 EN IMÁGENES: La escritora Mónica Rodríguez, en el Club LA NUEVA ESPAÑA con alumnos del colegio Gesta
______
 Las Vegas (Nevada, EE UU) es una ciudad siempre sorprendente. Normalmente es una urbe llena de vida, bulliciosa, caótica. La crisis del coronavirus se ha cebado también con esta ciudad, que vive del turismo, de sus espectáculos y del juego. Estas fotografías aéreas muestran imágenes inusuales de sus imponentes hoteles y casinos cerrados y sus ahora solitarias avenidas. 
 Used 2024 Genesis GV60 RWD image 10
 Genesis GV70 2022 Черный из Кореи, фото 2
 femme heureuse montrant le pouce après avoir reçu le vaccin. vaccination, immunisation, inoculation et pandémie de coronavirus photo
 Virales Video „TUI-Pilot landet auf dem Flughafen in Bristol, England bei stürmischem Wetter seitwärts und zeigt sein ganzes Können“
______
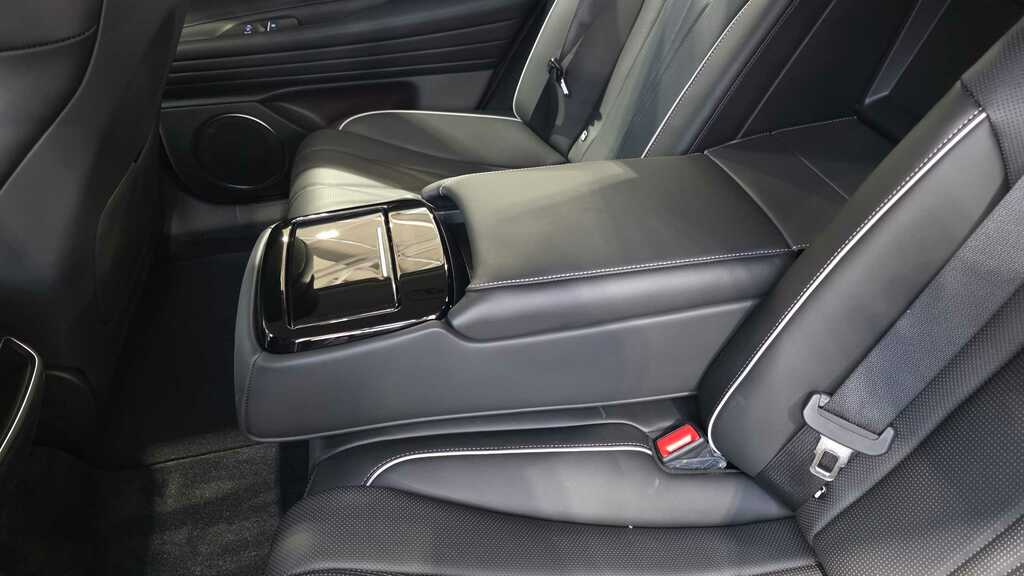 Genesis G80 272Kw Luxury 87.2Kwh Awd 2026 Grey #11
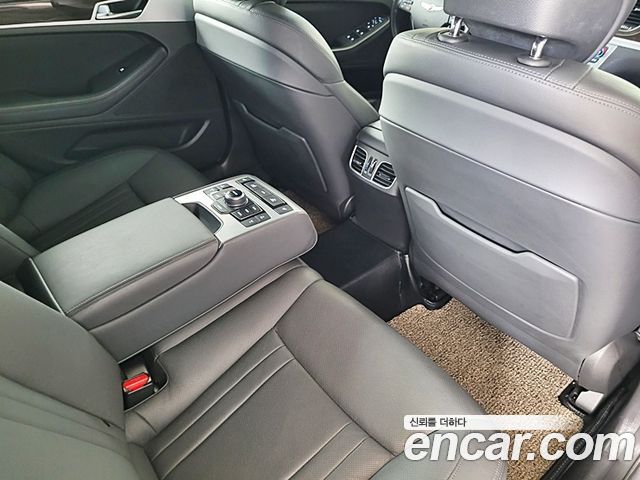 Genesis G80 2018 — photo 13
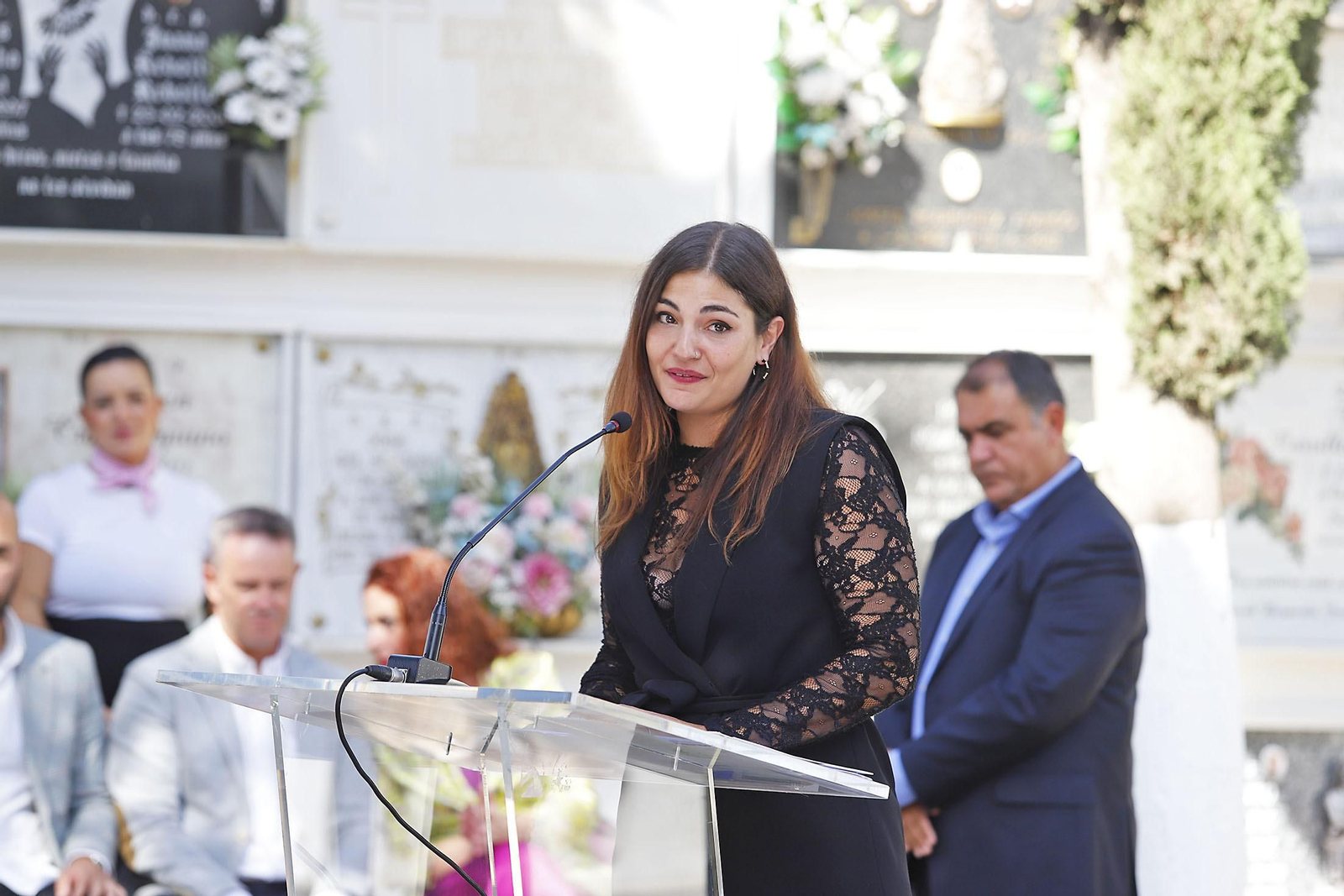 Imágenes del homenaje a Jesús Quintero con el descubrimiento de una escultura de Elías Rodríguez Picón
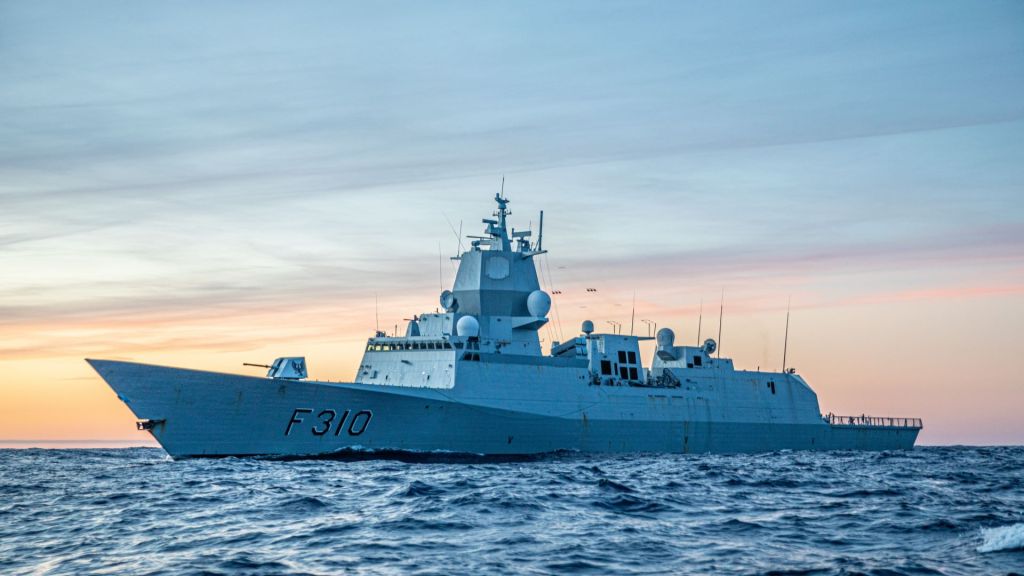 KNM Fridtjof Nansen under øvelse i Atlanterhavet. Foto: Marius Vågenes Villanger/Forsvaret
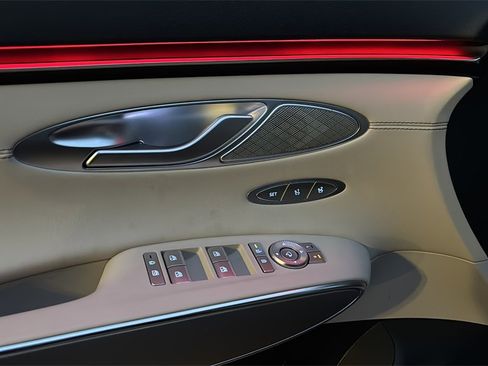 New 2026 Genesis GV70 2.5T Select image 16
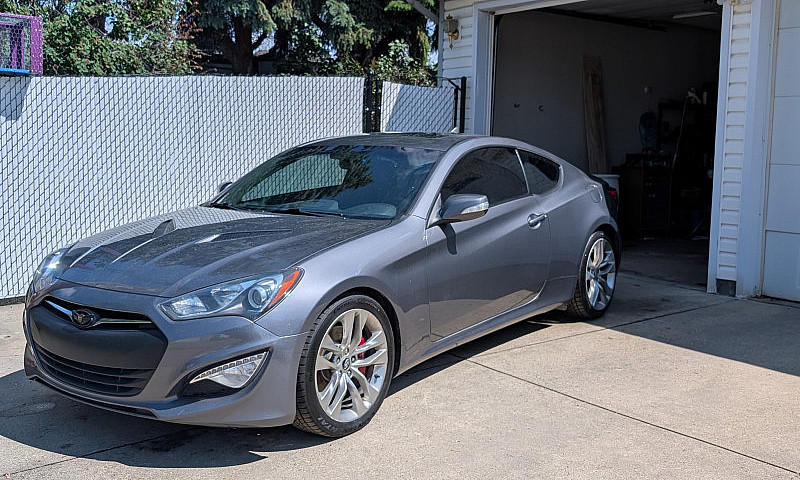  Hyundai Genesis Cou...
______
What to produce » Start with the line above that contains "Genesis GV70 2022 Черный из Кореи, фото 2" and end with the line that contains "Virales Video „TUI-Pilot". Write out those lines exactly, and only those.

Solution for this exercise »
 Genesis GV70 2022 Черный из Кореи, фото 2
 femme heureuse montrant le pouce après avoir reçu le vaccin. vaccination, immunisation, inoculation et pandémie de coronavirus photo
 Virales Video „TUI-Pilot landet auf dem Flughafen in Bristol, England bei stürmischem Wetter seitwärts und zeigt sein ganzes Können“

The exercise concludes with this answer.